* [WHAT TO DO]: Can you print every record below exactly as written?

EXERCISE DATA: Begin

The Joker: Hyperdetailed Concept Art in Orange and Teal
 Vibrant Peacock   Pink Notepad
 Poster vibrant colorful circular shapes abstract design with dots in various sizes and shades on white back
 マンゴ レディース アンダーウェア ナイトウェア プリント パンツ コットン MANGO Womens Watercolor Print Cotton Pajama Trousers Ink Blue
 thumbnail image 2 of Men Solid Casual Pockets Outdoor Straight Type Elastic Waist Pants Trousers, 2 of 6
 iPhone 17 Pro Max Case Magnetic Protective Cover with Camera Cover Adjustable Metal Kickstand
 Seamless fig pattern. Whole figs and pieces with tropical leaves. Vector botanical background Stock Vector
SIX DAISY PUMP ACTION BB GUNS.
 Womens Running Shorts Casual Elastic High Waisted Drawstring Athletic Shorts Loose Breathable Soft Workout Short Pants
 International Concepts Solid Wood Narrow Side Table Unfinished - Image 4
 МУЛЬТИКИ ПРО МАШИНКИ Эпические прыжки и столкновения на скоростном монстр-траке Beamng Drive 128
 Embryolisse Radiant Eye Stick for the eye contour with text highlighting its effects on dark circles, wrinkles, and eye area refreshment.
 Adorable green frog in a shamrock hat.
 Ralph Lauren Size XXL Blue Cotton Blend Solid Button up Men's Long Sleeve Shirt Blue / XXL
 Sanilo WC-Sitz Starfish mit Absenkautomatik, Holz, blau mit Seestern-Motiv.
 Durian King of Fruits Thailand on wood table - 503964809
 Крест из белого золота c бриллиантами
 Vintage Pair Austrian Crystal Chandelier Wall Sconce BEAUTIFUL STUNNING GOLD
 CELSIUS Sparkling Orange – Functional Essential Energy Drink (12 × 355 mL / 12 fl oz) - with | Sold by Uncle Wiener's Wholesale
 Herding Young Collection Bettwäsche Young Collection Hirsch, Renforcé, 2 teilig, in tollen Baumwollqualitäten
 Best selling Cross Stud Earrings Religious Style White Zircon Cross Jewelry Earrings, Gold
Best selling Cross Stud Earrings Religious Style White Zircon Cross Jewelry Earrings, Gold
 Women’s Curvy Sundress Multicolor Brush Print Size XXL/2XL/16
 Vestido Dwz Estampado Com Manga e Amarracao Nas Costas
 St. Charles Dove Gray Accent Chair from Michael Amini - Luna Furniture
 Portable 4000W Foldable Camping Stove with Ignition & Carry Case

EXERCISE DATA: End

* [RESULT OF THIS TASK]:
The Joker: Hyperdetailed Concept Art in Orange and Teal
 Vibrant Peacock   Pink Notepad
 Poster vibrant colorful circular shapes abstract design with dots in various sizes and shades on white back
 マンゴ レディース アンダーウェア ナイトウェア プリント パンツ コットン MANGO Womens Watercolor Print Cotton Pajama Trousers Ink Blue
 thumbnail image 2 of Men Solid Casual Pockets Outdoor Straight Type Elastic Waist Pants Trousers, 2 of 6
 iPhone 17 Pro Max Case Magnetic Protective Cover with Camera Cover Adjustable Metal Kickstand
 Seamless fig pattern. Whole figs and pieces with tropical leaves. Vector botanical background Stock Vector
SIX DAISY PUMP ACTION BB GUNS.
 Womens Running Shorts Casual Elastic High Waisted Drawstring Athletic Shorts Loose Breathable Soft Workout Short Pants
 International Concepts Solid Wood Narrow Side Table Unfinished - Image 4
 МУЛЬТИКИ ПРО МАШИНКИ Эпические прыжки и столкновения на скоростном монстр-траке Beamng Drive 128
 Embryolisse Radiant Eye Stick for the eye contour with text highlighting its effects on dark circles, wrinkles, and eye area refreshment.
 Adorable green frog in a shamrock hat.
 Ralph Lauren Size XXL Blue Cotton Blend Solid Button up Men's Long Sleeve Shirt Blue / XXL
 Sanilo WC-Sitz Starfish mit Absenkautomatik, Holz, blau mit Seestern-Motiv.
 Durian King of Fruits Thailand on wood table - 503964809
 Крест из белого золота c бриллиантами
 Vintage Pair Austrian Crystal Chandelier Wall Sconce BEAUTIFUL STUNNING GOLD
 CELSIUS Sparkling Orange – Functional Essential Energy Drink (12 × 355 mL / 12 fl oz) - with | Sold by Uncle Wiener's Wholesale
 Herding Young Collection Bettwäsche Young Collection Hirsch, Renforcé, 2 teilig, in tollen Baumwollqualitäten
 Best selling Cross Stud Earrings Religious Style White Zircon Cross Jewelry Earrings, Gold
Best selling Cross Stud Earrings Religious Style White Zircon Cross Jewelry Earrings, Gold
 Women’s Curvy Sundress Multicolor Brush Print Size XXL/2XL/16
 Vestido Dwz Estampado Com Manga e Amarracao Nas Costas
 St. Charles Dove Gray Accent Chair from Michael Amini - Luna Furniture
 Portable 4000W Foldable Camping Stove with Ignition & Carry Case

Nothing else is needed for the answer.